My family is weird. Half of them don’t speak to the other half; there was apparently serious family money at one point but now there is none; a cousin might have gotten a secret divorce (or else murdered her spouse, who has disappeared); and there is some legitimate religious fanaticism to throw into the mix. On top of the crazy stuff, there are the petty jealousies and one-upmanship, partly stemming from the fact that some of the cousins are very physically attractive, while others aren’t, and that some of the cousins are successful in their careers, while others aren’t (and the Venn diagram of these categories is constantly changing). A family reunion is coming up. What should I read to help me cope?

Oh! Oh! I know! We’re going to creep into the cave of layered shadows here, are you ready? You won’t feel better about yourself or your family by the time you’re done, because this is not “what self-help book do I read,” but you will certainly have a . . . perspective. You will think a thing. That is my personal guarantee to you. “Do what I say, and you will think a thing.”

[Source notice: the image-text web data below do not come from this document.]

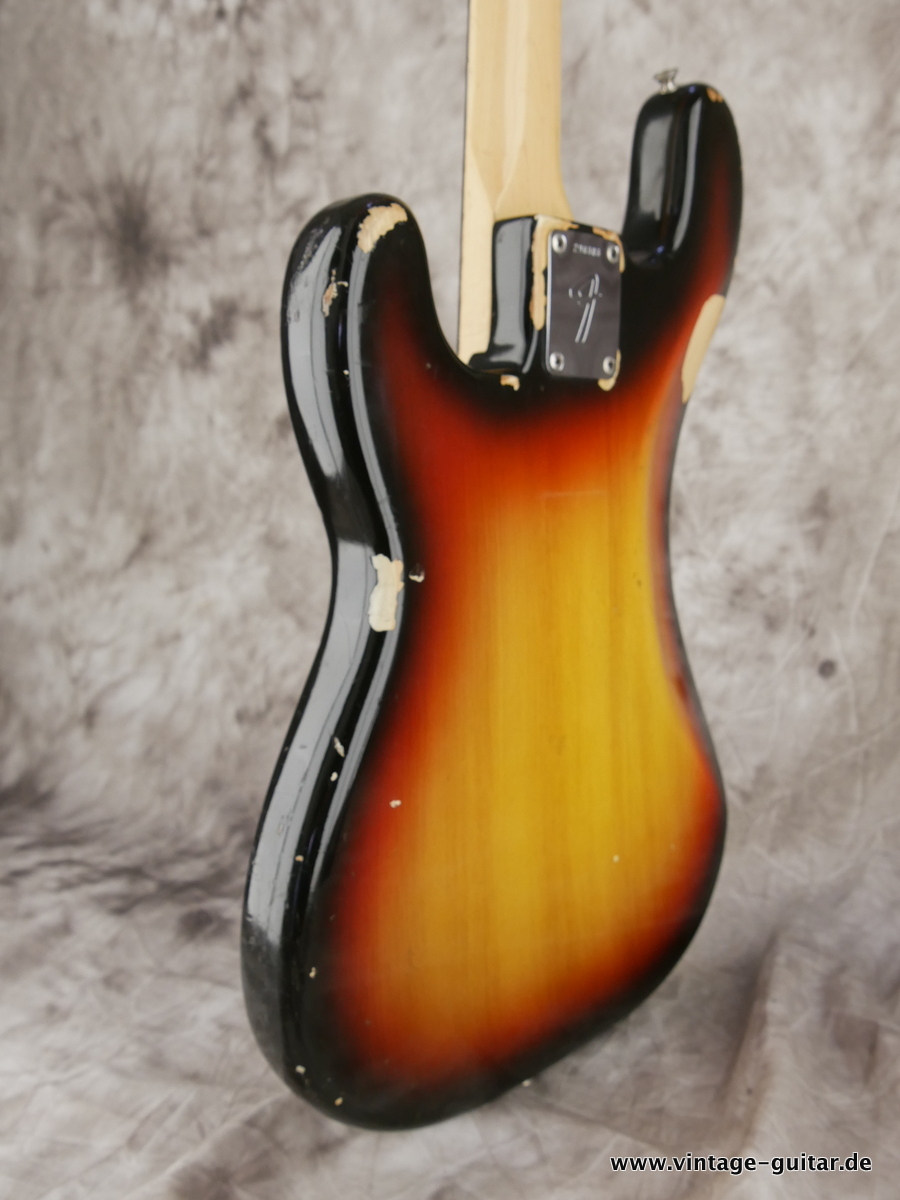 Fender-Precision_Bass-1970-sunburst-007.JPG
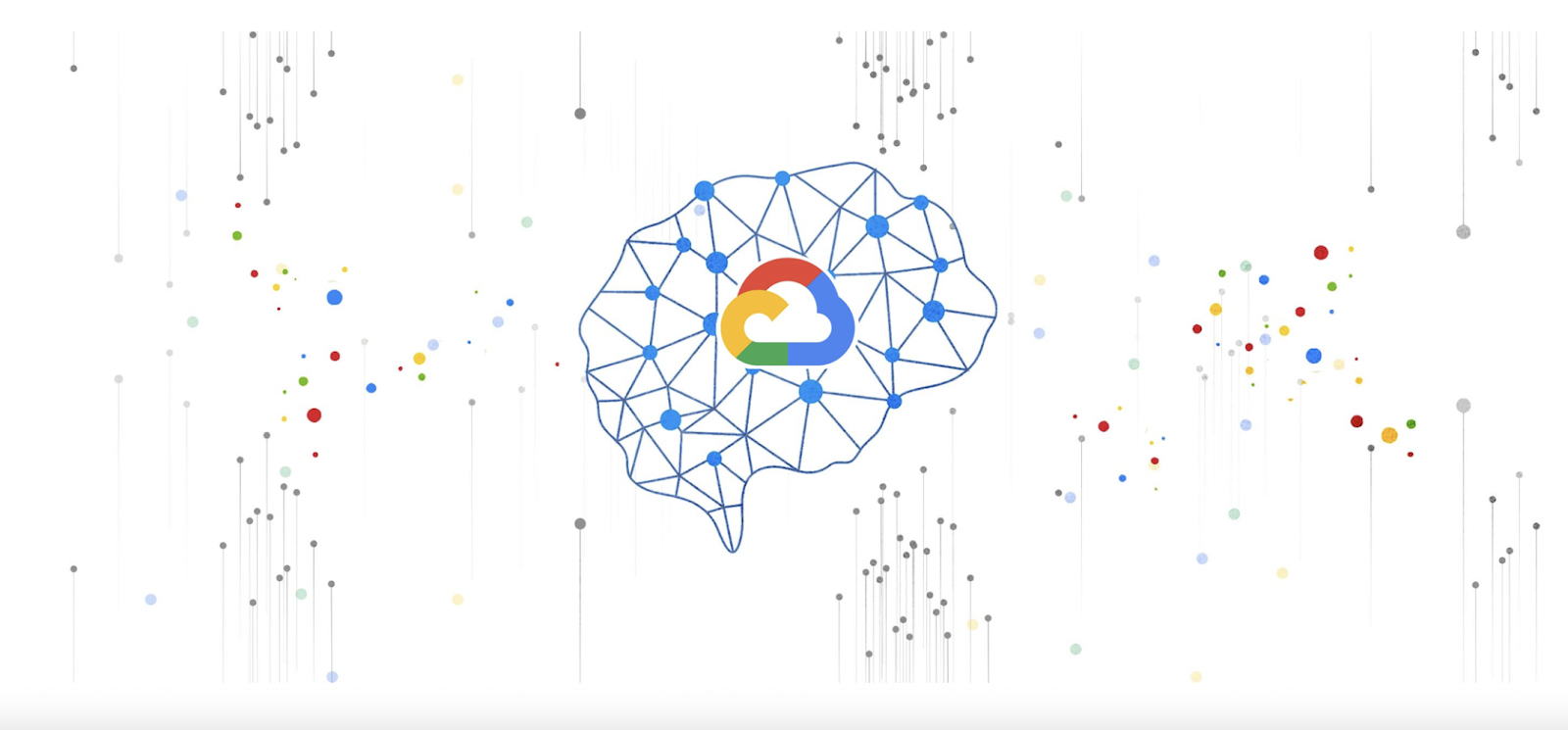 Google AI Introduces Prediction Private Endpoints for Fast and Secure  Serving on Vertex AI (Google's Machine Learning Platform) - MarkTechPost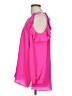 Umgee Pink 3/4 Sleeve Blouse Size L - photo 5
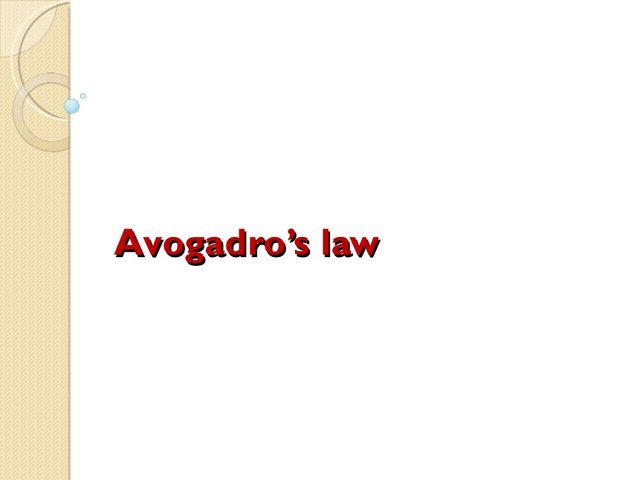 avogadros-law-1-728.jpg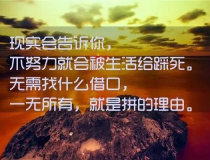 吃瓜网励志正能量,传递正能量，点燃励志火花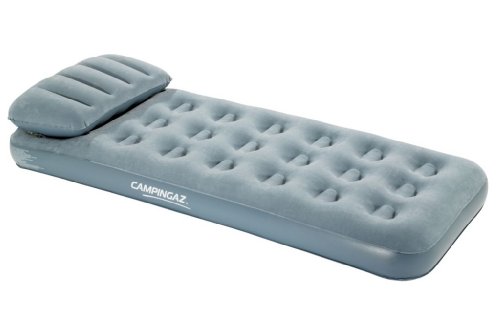 Кровать надувная Smart Singl Quickbed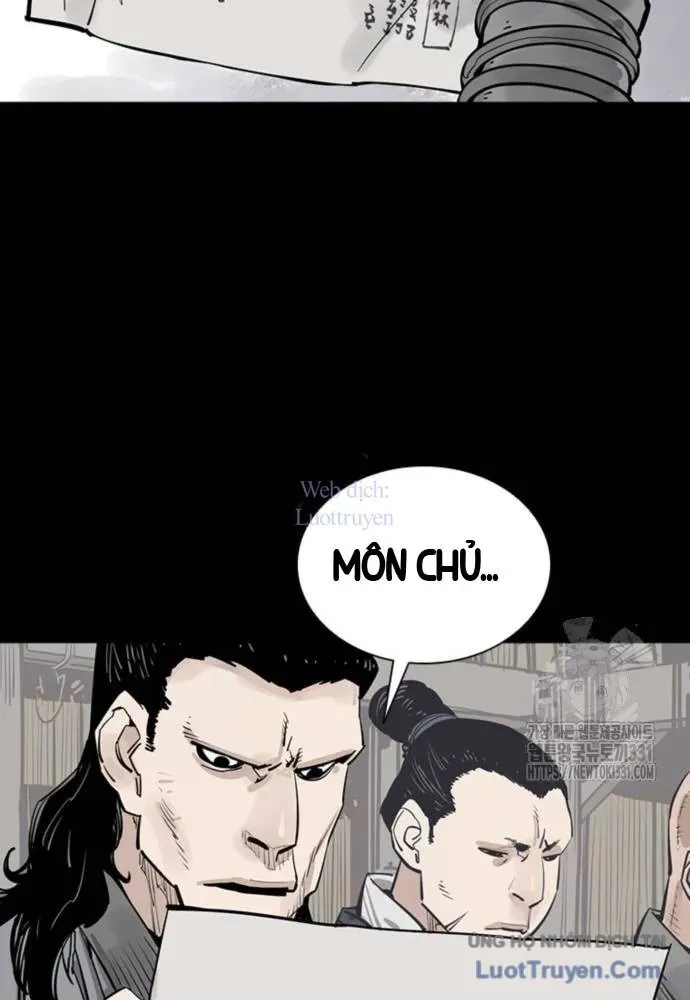 Sát Thủ Tống Lý Thu Chap 64 - Next Chap 63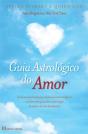 Guia Astrológico do Amor - Preview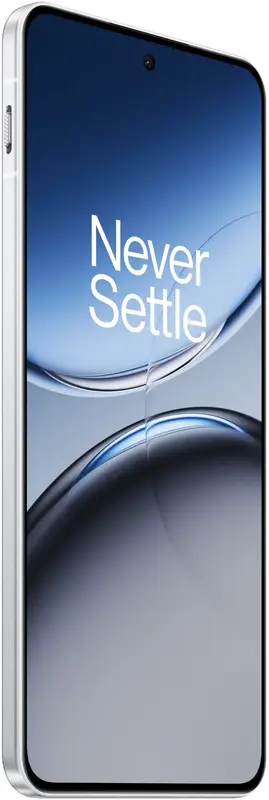 OnePlus Nord 4 5G 16/512GB Grey (CPH2663) - фото - №3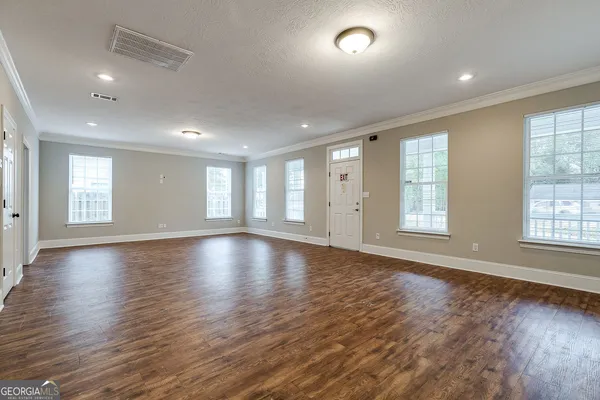 $5,000 | 803 Robin Hood Trail, Statesboro, GA 30458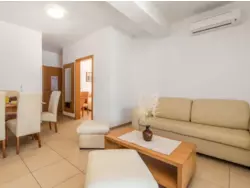 Bild zur gratis inserierten Ferienwohnung Ferienwohnung-267402.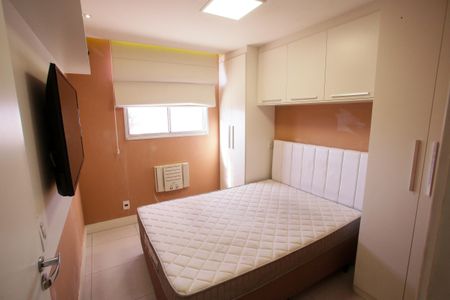 Apartamento para alugar com 70m², 2 quartos e 1 vagaQuarto 1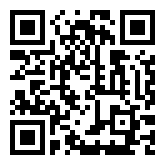 hildacreatures二维码下载图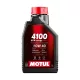 Motul 4100 Syn-Nergy Spec 10W-40 motorolaj 1L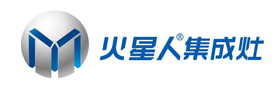 
火星人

Flipping through my mind-catalogue of family reunion books, I had a flicker of inspiration that I managed to tease into a state of frothing enthusiasm and conviction. If you have read Emile Zola at all, you probably know him as the French guy who wrote about people’s horrible lives and/or did the right thing during the Dreyfuss Affair. Did you know that all those people with their horrible lives are part of the same family, though, and Zola’s ouvre traces them throughout time, as family and economic/political systems and the occasional personal “choice” or “action” weave themselves into something resembling but not quite the same as fate? There are basically a million books in the Rougon-Macquart cycle following the families of the children (legitimate and illegitimate) of one woman, Adelaide Fouque, who is described as possessed of various “nervous disorders” but whom we would today call “a lot of fun” and “epileptic.”

Her disorder manifests in different ways in each of her children and their descendants, all against the backdrop of the Second Empire. It’s not really a family saga, because the novels stand on their own (mostly), but it is a family saga in the way family stories really are: discursive, weird, and oblique. What I think would be a really cool thing to do is to read a few of the Rougon-Macquart novels — maybe one about each branch? And then read the one about Adelaide and her marriages. And that’s YOUR story — Adelaide herself is the family reunion! God, isn’t that a more interesting way of dealing with it than reading about who’s trying to worm their way into what will again? Like I said, almost any selections from the cycle will work, though make sure all three branches (the Rougons, the poor Macquarts, and the less-poor Macquarts) are represented.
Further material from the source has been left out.